Head Mounted Display Integration for Orthopedic Surgery

Last updated: May 18 and 12:29PM

Summary

The project focuses on using augmented reality to visualize the occluded part of the needle in HoloLens. The whole process also requires tracking the needle position and estimating the needle tip location. The diagram for the system set-up is showed in the graph below. The main hardwares needed for this project are, a RGBD Camera (Intel RealSense SR300) and a HoloLens.

  • Students: Zhuokai Zhao
  • Mentor(s): Sing Chun Lee, Long Qian, Javad Fotouhi, Alexander Barthel, Dr. Bernhard Fuerst, Dr. Nassir Navab

Background, Specific Aims, and Significance

Orthopedic surgery is the general name of different types of surgery that concern with the musculoskeletal system. It includes treatments to musculoskeletal trauma, spine diseases, infections, tumors and congenital disorders. Orthopedic surgery often requires placing and removing a rigid object during the operations. Therefore, image-guided systems are widely used, especially in minimally invasive orthopedic operations.

Current workflow starts with acquiring multiple X-ray images from different views to locate the point of entry, under the help of a reference tool. Next, the medical instrument is invaded and moved inside the patient’s body with small displacements. To determine the direction of the next movements, a set of anteroposterior X-ray images are acquired during each movement, until the target is reached. It could be easily seen that the current procedure produces a large amount of X-ray doses, while with less efficiency on guidance. Low-Efficiency procedure not only frustrates surgeons, but also could cause damages to soft issues and the nervous system, which further lead to severe post-operative sequelae. Therefore, we propose a solution to use HoloLens to display the needle part that is within the patient’s body to better guild the surgeon and protect the patient.

Deliverables

  • Minimum: (Expected by 3/26)
    1. Camera calibration algorithm for RGBD camera and the head mounted display device
    2. Marker tracking algorithm used to track needle movements
    3. Skin model detection algorithm with basic thresholding on point clouds
    4. Roll out HMDs to the hospital operating room
  • Expected: (Expected by 4/29)
    1. Needle location and orientation estimation in 3D space
    2. Algorithms that determine which part of the needle is within the patient’s body
    3. Display the part of the needle that is within the patient’s body via HoloLens
  • Maximum: (Expected by 5/6)
    1. Implementation of different perceptual cues
    2. Evaluation and comparison of different visualizations

Technical Approach

The system setup is showed in the figure below. RGBD CameraTMarker and HoloLensTMarker denote the tracking result from marker to RGBD camera and HoloLens respectively. Similarly, HoloLensTRGBD Camera represents the calibration result between the two devices, which is the transformation matrix from RGBD camera to HoloLens. MarkerPneedle tip indicates the needle tip position with respect to marker coordinate.

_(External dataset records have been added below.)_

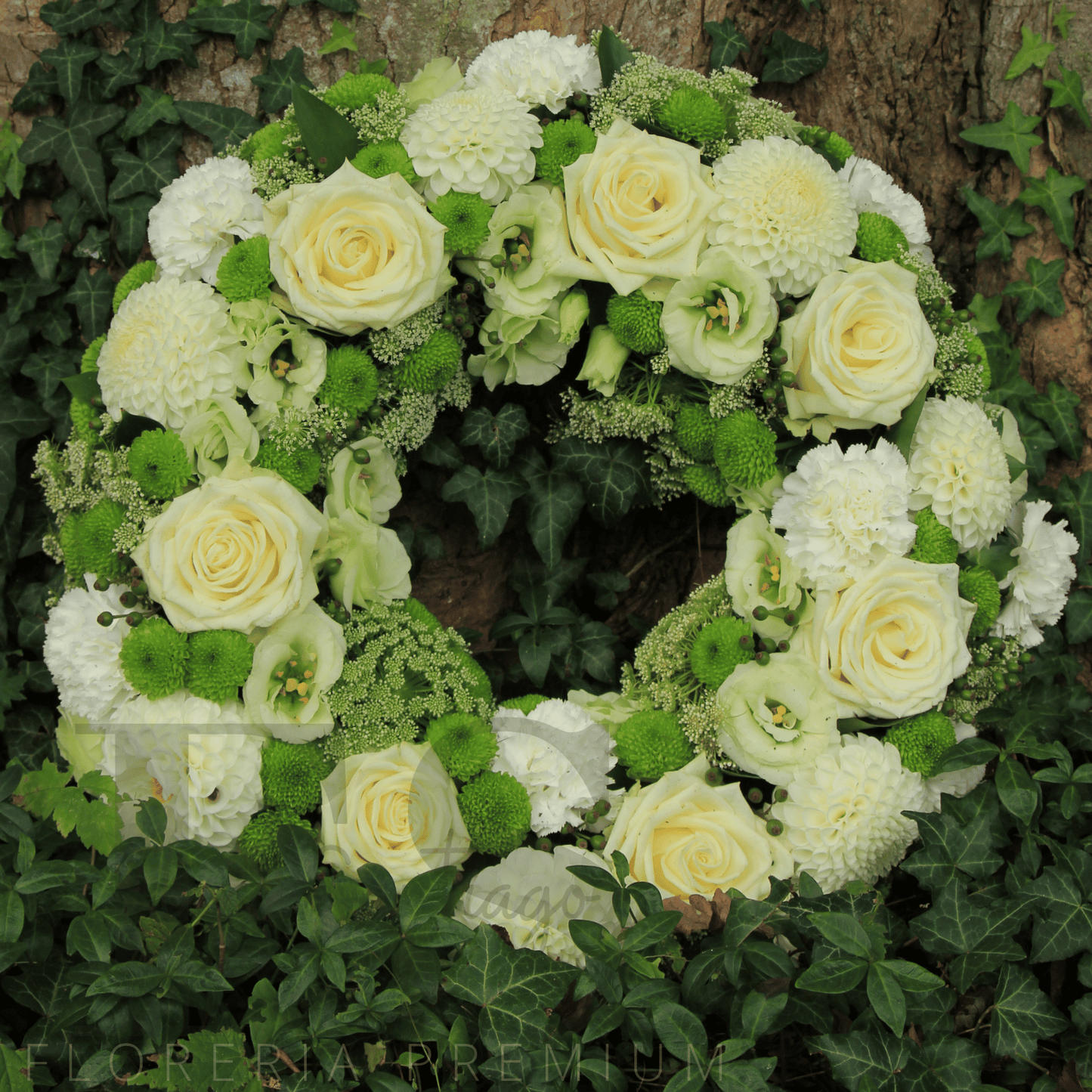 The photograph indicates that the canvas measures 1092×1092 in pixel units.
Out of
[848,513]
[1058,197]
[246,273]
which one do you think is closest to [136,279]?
Result: [246,273]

Since the big picture of this project is to augment a virtual needle which aligns with physical needle, the complete approach can be divided into five main sections: needle orientation tracking; needle tip position estimation; camera to HoloLens communication; outside/occluded needle parts classification; and virtual needle augmented visualization. The method of using both RGBD camera and HoloLens was designed and developed at the beginning, but was replaced by the idea of using the HoloLens only in the end.

Needle Tracking with ARToolKit

Needle Tracking using PC and RGBD Camera

In this approach, the needle is tracked by an external PC-connected RGBD camera, through a marker that is rigidly attached to a tool. As showed in the figure below, the tool on the left is used while developing and the tool on the right is the real medical tool used for demo. The tracking algorithm is implemented with the use of ARToolKit.

The tracking result was formatted to be the 4×4 homogeneous transformation matrix from marker to the RGBD camera, which is denoted as RGBD CameraTMarker.

Needle Tracking using HoloLens

With the front-facing camera (locatable camera) available on HoloLens, marker tracking using ARToolKit could ideally be very similar to using the RGBD camera with PC. However, since HoloLens runs on Universal Windows Platform (UWP), which uses different tools and run-time libraries than on the PC, ARToolKit does not support any UWP devices. Therefore, the solution implemented above could not be deployed to HoloLens directly. Luckily, a third-party library called HoloLensARToolKit, which contains similar functions included in the normal ARToolKit, has been published [1] and is ready to use. Same as before, the tracking result was formatted to be the 4×4 homogeneous transformation matrix from marker to the HoloLens, which is denoted as HoloLensTMarker.

Needle Tip Position Estimation

The needle tip position is estimated through the pivot calibration. A program was developed in Unity. It runs in real-time to save all the transformation matrices from marker to camera in a text file. As showed below, the green 4×4 matrix on the upper right corner indicates the current transformation matrix from marker to the camera.

The tip position is kept unchanged for the whole time while moving the marker around for transformations of different poses. For each pose, below relationship stands.

CameraTMarker * Markerptip = Cameraptip

which is the same as

CameraRMarkerMarkerptip + CamerapMarker = Cameraptip

where CameraRMarker and CamerapMarker are the rotation and translation parts of homogeneous transformation CameraTMarker.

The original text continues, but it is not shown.